REQUIRED WORK
In the material below, find the line containing "Western blot analysis" and the line containing "家庭医・医学教育研究者の省察的実践録: クモ膜下出血のnico-nico sign", then reproduce exactly both of them and every line between, and nothing else.
- Opening Delimiter -
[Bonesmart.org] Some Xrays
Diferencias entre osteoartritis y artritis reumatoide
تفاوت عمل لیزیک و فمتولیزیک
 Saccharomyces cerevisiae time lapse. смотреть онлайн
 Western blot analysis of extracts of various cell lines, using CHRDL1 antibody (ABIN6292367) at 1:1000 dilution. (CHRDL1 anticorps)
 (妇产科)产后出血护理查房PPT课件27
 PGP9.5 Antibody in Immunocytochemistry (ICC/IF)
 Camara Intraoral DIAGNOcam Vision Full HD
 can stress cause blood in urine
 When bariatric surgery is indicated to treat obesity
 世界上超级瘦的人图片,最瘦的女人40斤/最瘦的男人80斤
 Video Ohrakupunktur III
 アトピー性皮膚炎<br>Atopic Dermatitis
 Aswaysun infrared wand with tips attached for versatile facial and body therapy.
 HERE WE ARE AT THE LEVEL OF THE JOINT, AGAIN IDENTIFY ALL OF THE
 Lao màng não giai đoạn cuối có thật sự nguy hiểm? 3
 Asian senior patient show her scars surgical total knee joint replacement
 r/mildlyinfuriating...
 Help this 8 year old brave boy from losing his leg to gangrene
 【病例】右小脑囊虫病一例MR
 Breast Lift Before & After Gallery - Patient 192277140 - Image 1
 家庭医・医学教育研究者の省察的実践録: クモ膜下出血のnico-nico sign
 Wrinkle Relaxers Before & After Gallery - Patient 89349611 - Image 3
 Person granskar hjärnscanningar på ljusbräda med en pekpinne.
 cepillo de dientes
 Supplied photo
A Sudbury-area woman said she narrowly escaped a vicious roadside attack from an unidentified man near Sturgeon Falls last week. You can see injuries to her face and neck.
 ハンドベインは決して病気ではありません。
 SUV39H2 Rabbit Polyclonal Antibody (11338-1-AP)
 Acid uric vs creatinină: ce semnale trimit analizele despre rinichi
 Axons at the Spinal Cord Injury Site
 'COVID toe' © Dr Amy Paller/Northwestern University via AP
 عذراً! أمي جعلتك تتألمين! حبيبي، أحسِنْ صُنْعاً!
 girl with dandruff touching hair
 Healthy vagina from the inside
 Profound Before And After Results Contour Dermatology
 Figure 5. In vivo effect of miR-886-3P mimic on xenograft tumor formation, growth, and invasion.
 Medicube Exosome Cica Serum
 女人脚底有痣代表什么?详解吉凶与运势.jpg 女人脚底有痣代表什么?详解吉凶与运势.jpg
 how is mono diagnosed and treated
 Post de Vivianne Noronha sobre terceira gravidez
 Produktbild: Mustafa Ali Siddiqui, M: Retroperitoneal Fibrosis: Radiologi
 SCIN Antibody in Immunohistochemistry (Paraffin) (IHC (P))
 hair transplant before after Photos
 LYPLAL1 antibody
- Closing Delimiter -
ANSWER TO THIS EXERCISE
 Western blot analysis of extracts of various cell lines, using CHRDL1 antibody (ABIN6292367) at 1:1000 dilution. (CHRDL1 anticorps)
 (妇产科)产后出血护理查房PPT课件27
 PGP9.5 Antibody in Immunocytochemistry (ICC/IF)
 Camara Intraoral DIAGNOcam Vision Full HD
 can stress cause blood in urine
 When bariatric surgery is indicated to treat obesity
 世界上超级瘦的人图片,最瘦的女人40斤/最瘦的男人80斤
 Video Ohrakupunktur III
 アトピー性皮膚炎<br>Atopic Dermatitis
 Aswaysun infrared wand with tips attached for versatile facial and body therapy.
 HERE WE ARE AT THE LEVEL OF THE JOINT, AGAIN IDENTIFY ALL OF THE
 Lao màng não giai đoạn cuối có thật sự nguy hiểm? 3
 Asian senior patient show her scars surgical total knee joint replacement
 r/mildlyinfuriating...
 Help this 8 year old brave boy from losing his leg to gangrene
 【病例】右小脑囊虫病一例MR
 Breast Lift Before & After Gallery - Patient 192277140 - Image 1
 家庭医・医学教育研究者の省察的実践録: クモ膜下出血のnico-nico sign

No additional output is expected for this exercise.